Despite the fact that many hospices provide functions that would otherwise need to be provided by the NHS or social care, the Government have failed to recognise their importance and are instead taxing the hospices that the country relies on. Although hospices do not charge for their services, they receive only one-third of their funding from the Government and rely on charitable donations for the remainder of their income. This will place unnecessary and costly additional pressures on their finances at a time when demand for hospice care is growing. The Government seem to be unaware of the great help hospices provide and the fact that they reduce pressure on the NHS by providing services in a more efficient and effective way. There is a saving there to offset any cost.

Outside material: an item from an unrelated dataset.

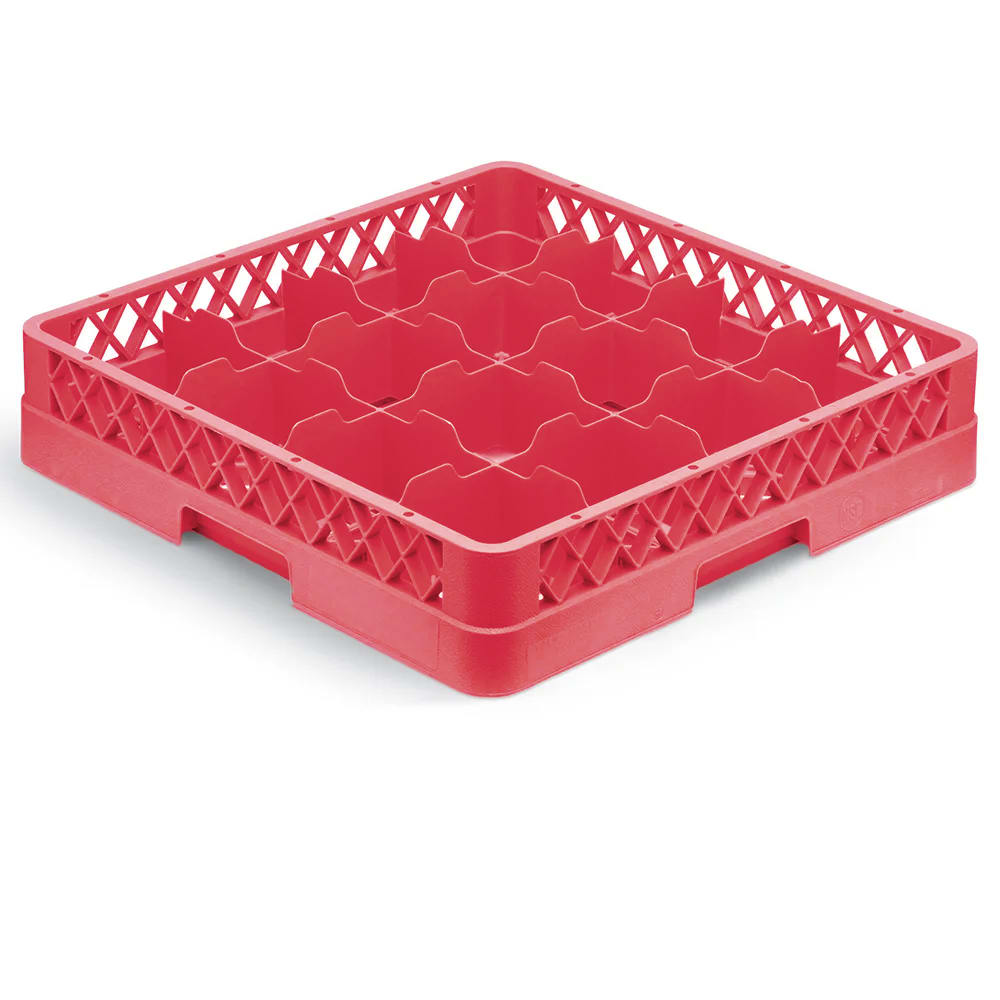 Vollrath TR4 Rack-Master Glass Rack w/ (16) Compartments - Red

While I am aware that the Minister claims that the already published impact note is enough, I have not heard another noble Lord agree with that. Although I am sure he will respond in a similar manner, the current note is simply not sufficient and does not include any impact assessment on the very businesses it is being imposed on. That is very concerning for hospices which do so much work to support the NHS and could well be bankrupted by this Government’s decision to introduce the jobs charge. The charity for children’s hospices, Together for Short Lives, has estimated that this tax rate will cost an additional £133,966 for every children’s hospice. That is an extraordinarily high number for a sector that is not profit-orientated, and I am concerned about that impact. Although I welcome the £100 million in funding that the Government have announced for hospice improvements, that money will not help with the staffing costs that these hospices will now face.

As my noble friend Lady Monckton said, hospices are life affirming and give wide support beyond the patients in the hospices to the families in their grief. They are a vital part of the palliative care system, as I hope the Minister will agree. I think that the Government will be blamed if hospices go into a downward spiral as a result of these extra costs in April. They should look again at some way of helping them, whether it is an exemption, a delay, a change to the employment allowance or some form of compensation. It is an important matter that we should address in this Committee.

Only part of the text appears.